Outside behind our house, there’s a small park, with a playground and a picnic table for supervisory mothers and a soccer field. And on a little hill there is a tree. I don’t know tree varieties by looking at them, but it’s got a slender trunk and broad leaves. I keep my eye on it. Two years ago, I spotted a yellow leaf on it in June. That can’t be right, I told my local friend, a girl who grew up just a few miles down the road from here. Yeah, that’s really early for a tree to change, she said. Maybe it was a sick tree. Last year, summer tripped on the starting block and never bothered running the race, and it rained and rained some more. Crops were ruined, so I shouldn’t have been surprised, but that tree started to change in May. I saw the first yellow leaf and seethed. Summers are how I get through winters here. How was I supposed to watch it give up right in front of me, and not even try to wait it out? Once this tree started, others would follow, and—as if the rest of the world were going to follow this tree like a guru—all hope of summer would splash to the ground like so much rain.
Let me tell you, there was so much rain. It was the summer that never happened. A few springlike dry days here and there, and then I raked up leaves with the spicy smell of autumn in the air.

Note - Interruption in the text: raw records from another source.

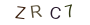 87a0511219e50d02021c9701ac7c3fe3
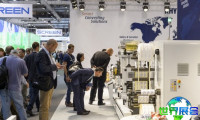 2026年芝加哥印刷展观展指南（日程安排+场馆信息+观众注册）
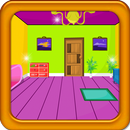 Adventure Escape Joy House 2 aplikacja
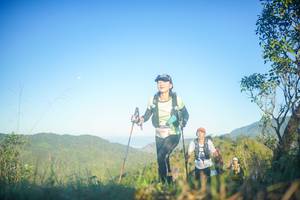 BIB: 400
                            <button type="button" onclick="openModal(19201356)" class="btn btn-primary btn-sm float-right btn-popup" data-toggle="modal" data-target=".modal-high-quality">
                        <i class="fas fa-shopping-cart"></i> Add to Cart
                    </button>
                                            <button type="button" onclick="isThisMe(19201356, true)" class="btn btn-success btn-sm float-right btn-popup btn-isme hidden" data-toggle="tooltip" data-placement="bottom" title="นี่คือรูปของคุณใช่ไหม คลิกที่นี่เพื่อเอาเข้าอัลบั้ม">
                        <i class="fas fa-plus"></i> Add to album
                    </button>
                    <button type="button" onclick="isThisMe(19201356, false)" class="btn btn-warning btn-sm float-right btn-popup btn-isnotme hidden">
                        <i class="fas fa-ban"></i> Remove from album
                    </button>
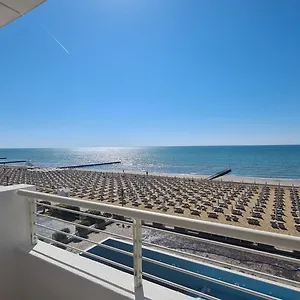  Apartmán Faro - Walterigato Solo Per Famiglie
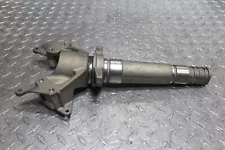 Honda AQUATRAX F12 F12X R12 R12X OE Steering Column STEERING SHAFT 53310-hw1-681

Now I watch the tree as though the soul of a gypsy fortuneteller lives inside it. Here it is, halfway through August on yet another clear, bright, gonna-be-a-hot-one day. My neighbor pushes her lawnmower through her patch of grass, children are wheeled into the park on bikes, in strollers, in little red wagons. (They’re plastic now. Sigh.) And those leaves are deep, glossy green. They’re reveling in it, and so am I. In fact, now that I’ve written this, I’m going out into it again. I’m pretty sure this is the best possible inoculation for an Ottawa winter.